Review: Augie March @ Croxton Bandroom (Melbourne)

Augie March played Croxton Bandroom (Melbourne), 1 April, 2022.
Bron is a Melbourne-based science journalist who loves to return 'home' to a band room any chance she gets. She has 25 years' experience and has worked for Rolling Stone, Blunt, The Sydney Morning Herald, JUICE and many more.

It's been a long time since Augie March played their home state, let alone their debut album material.

So for the band to finally get to roll out their 2000 debut 'Sunset Studies' after a few years of touring 'upheaval', it was clear that this Friday night crowd (1 April) not only had babysitters booked but were out to celebrate (so much so that within two songs the bar had run out of champagne flutes).

While the Croxton can be a challenging place to see shows, being more long than wide, it was a great choice of venue for the band and the sound couldn't have been better.

Frontman Glenn Richards halfway through admitted he was doing his best after accommodation dramas; you'd never have picked he was on three-hours sleep by the way he and the band delivered.

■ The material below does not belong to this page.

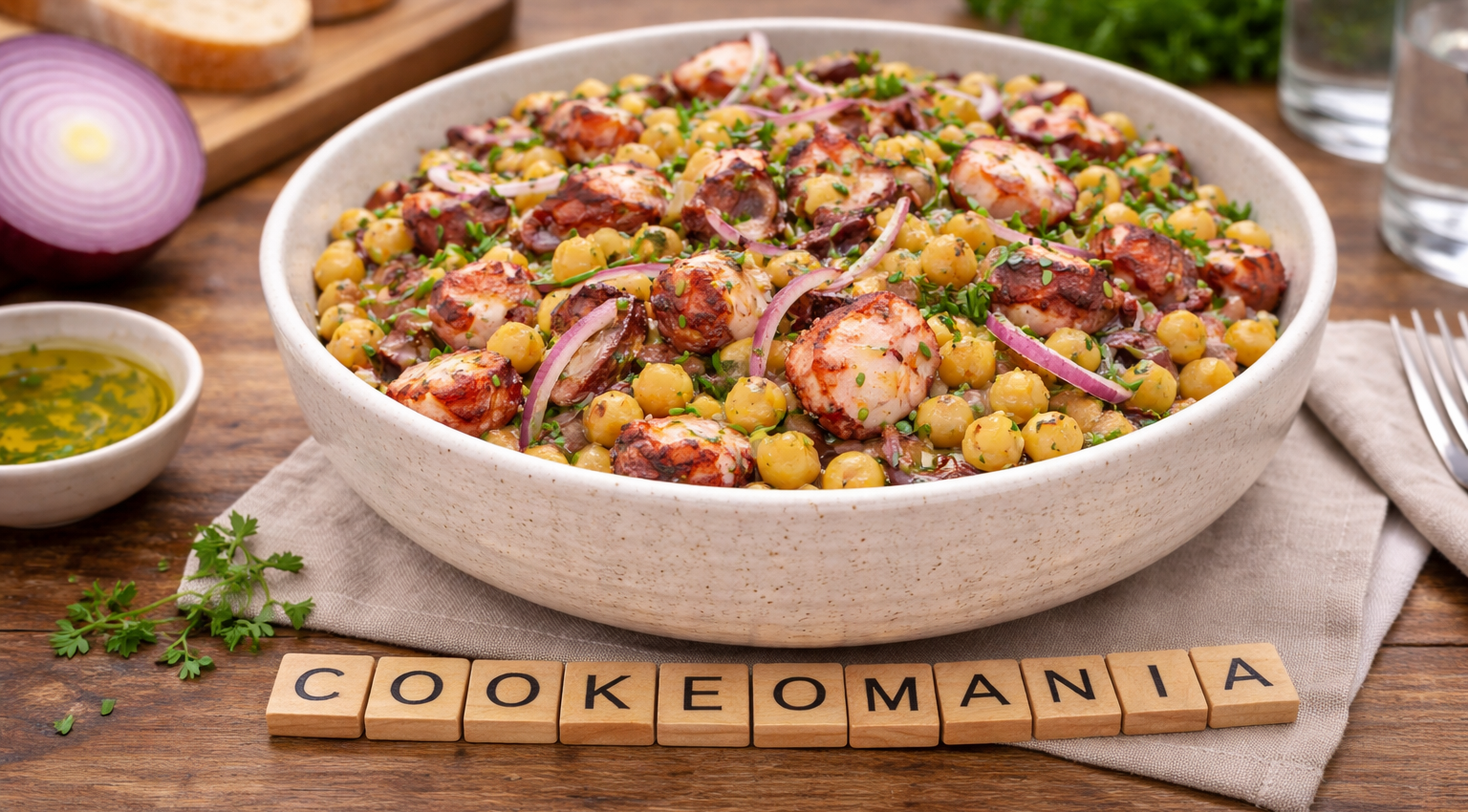 Salade tiède de poulpe et pois chiches au Cookeo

It wasn't hard to guess the set list for the night, of course, but looking back at the record almost 22 years later it was instantly evident how well it's aged, how proud of it the band are, and how wildly ambitious it was (while also somehow having the pop sensibilities to reach a much larger audience).

If seven-minute opener 'The Hole In Your Roof' set the scene, the rest of the set was hard to fault. And the playing of this whole album presented, live, what fans already knew; the band's ability to cover a lot of musical ground while packaging it up with genuine feeling and melody, is in Crowded House territory.

Fittingly, 'There Is No Such Place' and 'Asleep In Perfection' – both songs not unlike a Neil Finn-style marrying of beauty and sadness – were standouts, and perhaps the quietest an audience at the Croxton on a Friday night has ever been.

Despite the gravitas of 'Sunset Studies', Richards has always seemed relatable. So while his self-effacement between songs (how the band hated playing one particular song because of the "73 chords" he included) never felt flippant – which has been the tone of some acts playing a 'seminal' album – he and the entire group played the show like it was a new album, not something released when they were half their age.

From the quietest moments to the (moderately) loudest – 'Here Comes the Night' is something else live – it was just as enjoyable to see a band play a record from decades ago that they're still clearly proud of.

Not surprisingly, they finished on one encore song – 'The Night Is A Blackbird' from 2002's 'Strange Bird' – which was both enough for fans wanting more and those others not eager to erase the all-encompassing start-to-end ride of 'Sunset Studies'.